- [Directions for this task]: Return the data exactly, with all pictures removed.

- [Given records]:
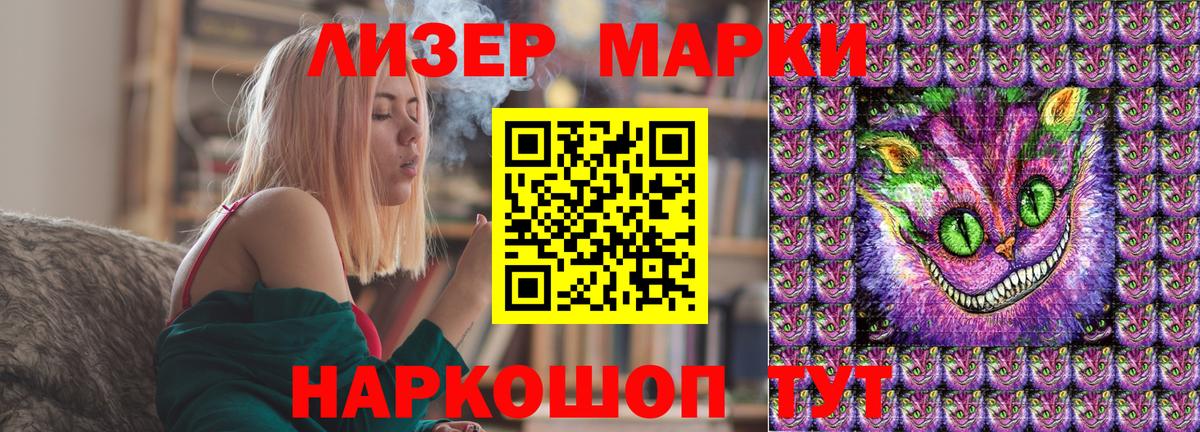 Марки 25I-NBOMe 1500мкг Ачинск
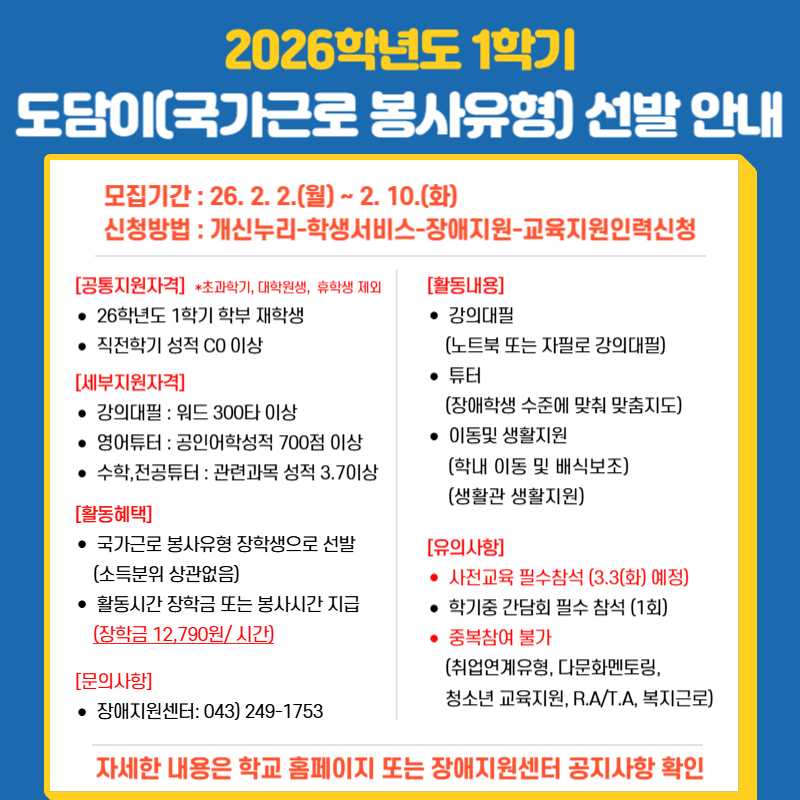 도담이 신청 안내 팝업.jpg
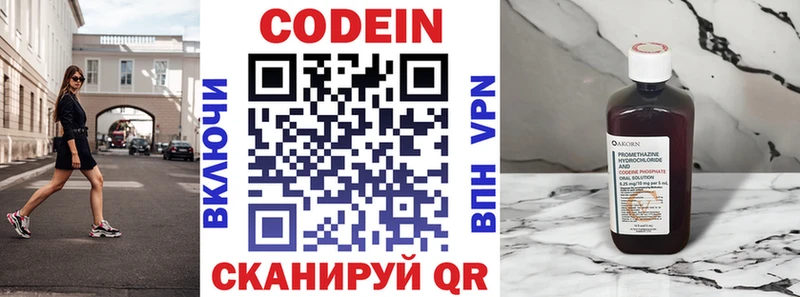 Кодеин Purple Drank  Петрозаводск 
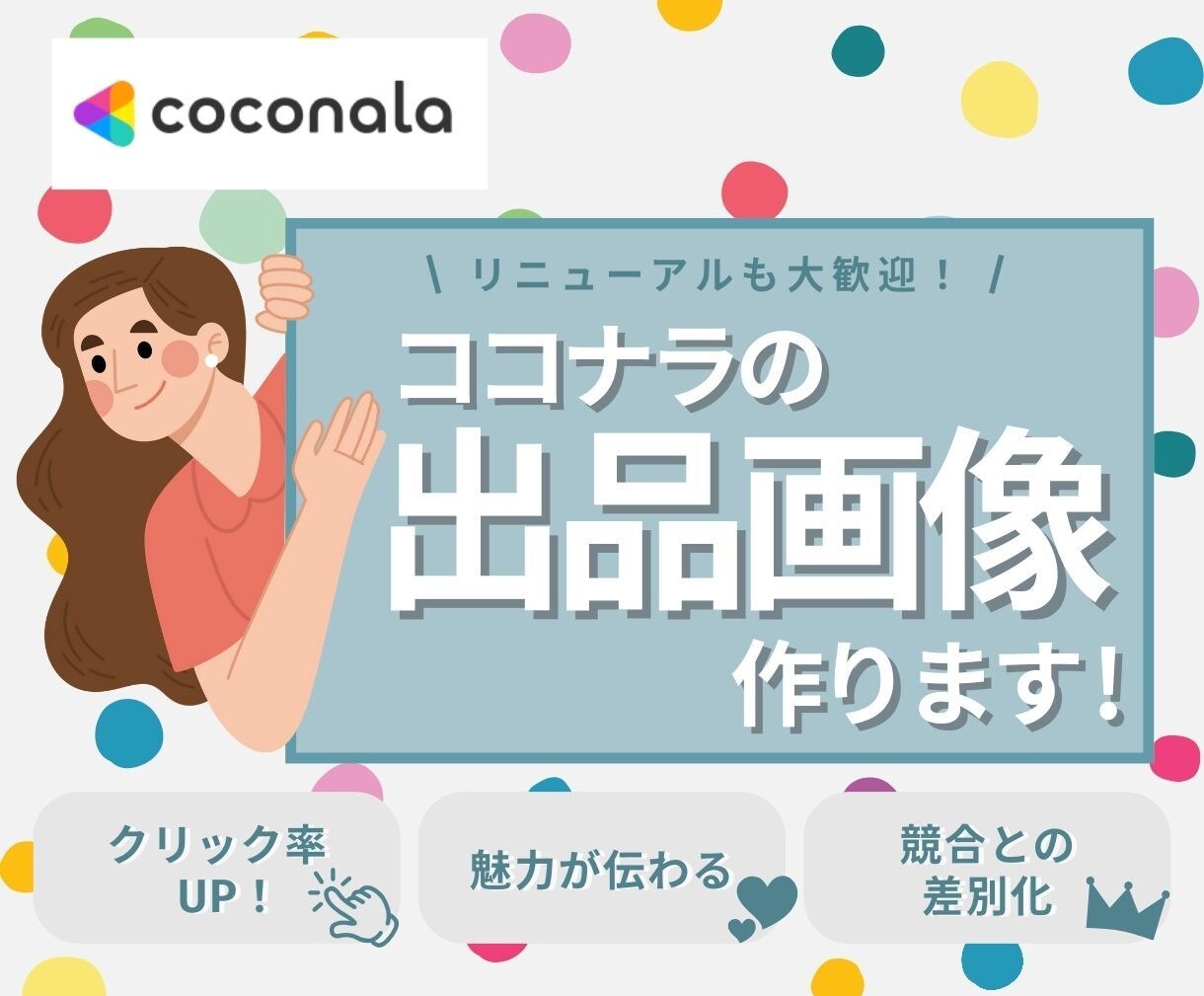 リニューアルも大歓迎！ココナラ出品画像作ります CANVAデータのお渡しでご自身で編集もラクラク可能♩ イメージ1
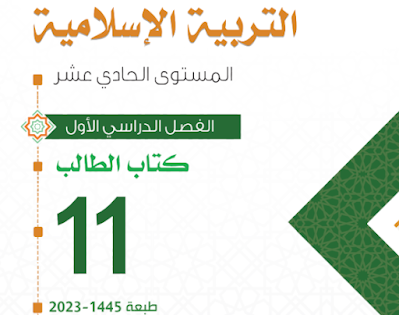 كتاب الإسلامية الحادي عشر فصل اول 2024-2023 pdf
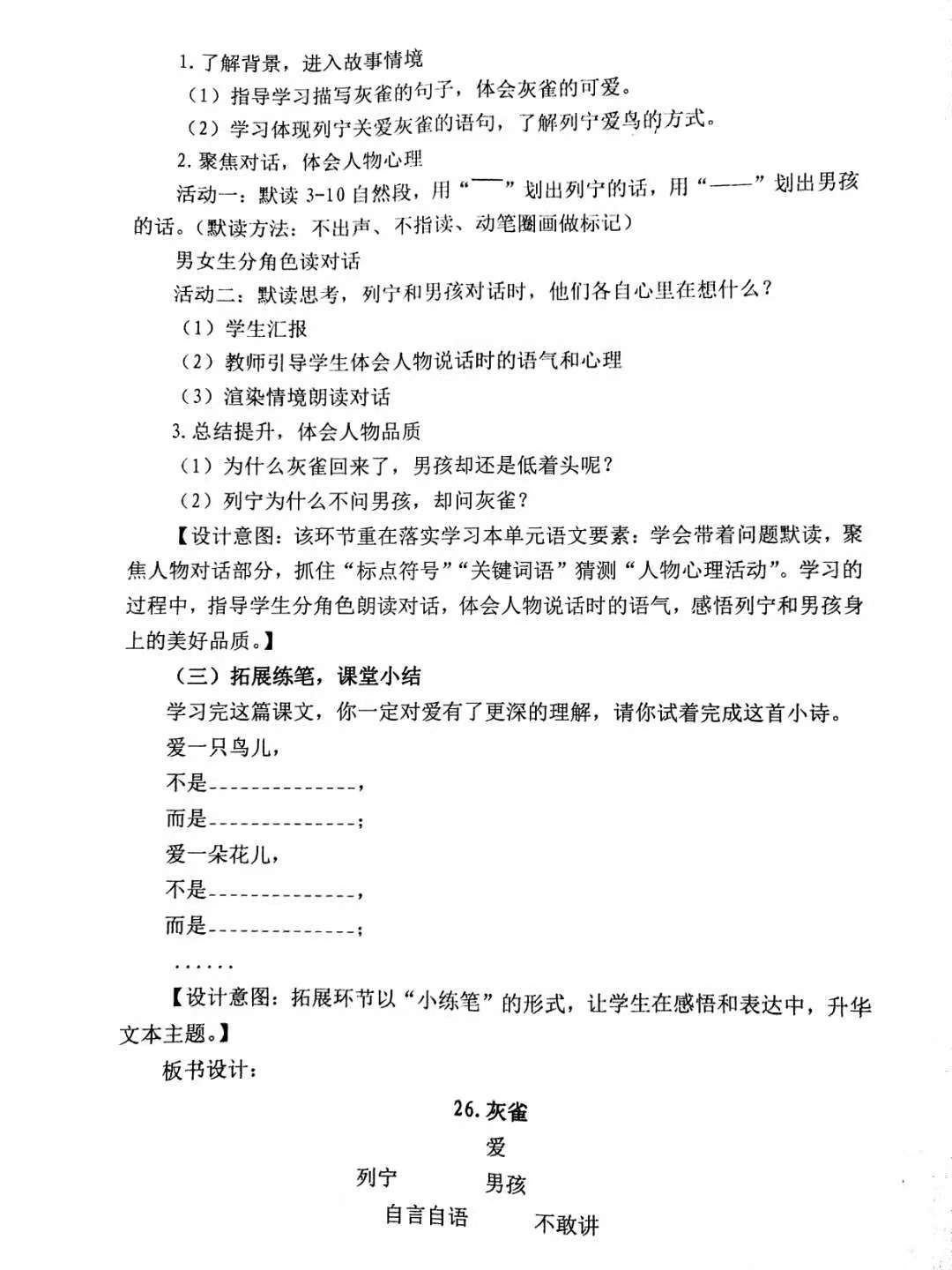 《灰雀》—— 湖南省小学语文青年教师教学比赛课堂实录之二
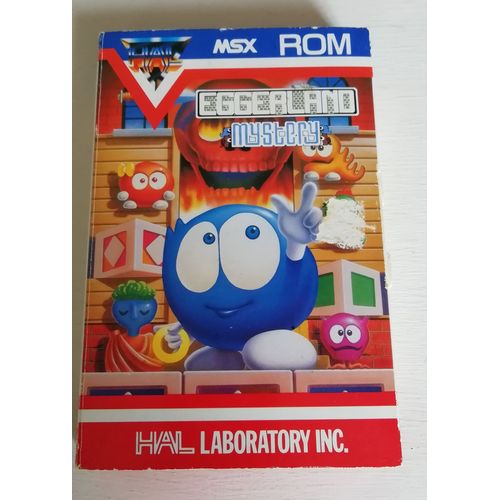 Eggerland Mystery (Jeu Cartouche Msx) Hal Laboratory 1985, Fonctionne, Complet Avec Boitier Et Notice D'origine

- [Task output]:
 Марки 25I-NBOMe 1500мкг Ачинск
 도담이 신청 안내 팝업.jpg
 Кодеин Purple Drank  Петрозаводск 
 リニューアルも大歓迎！ココナラ出品画像作ります CANVAデータのお渡しでご自身で編集もラクラク可能♩ イメージ1
 كتاب الإسلامية الحادي عشر فصل اول 2024-2023 pdf
 《灰雀》—— 湖南省小学语文青年教师教学比赛课堂实录之二
 Eggerland Mystery (Jeu Cartouche Msx) Hal Laboratory 1985, Fonctionne, Complet Avec Boitier Et Notice D'origine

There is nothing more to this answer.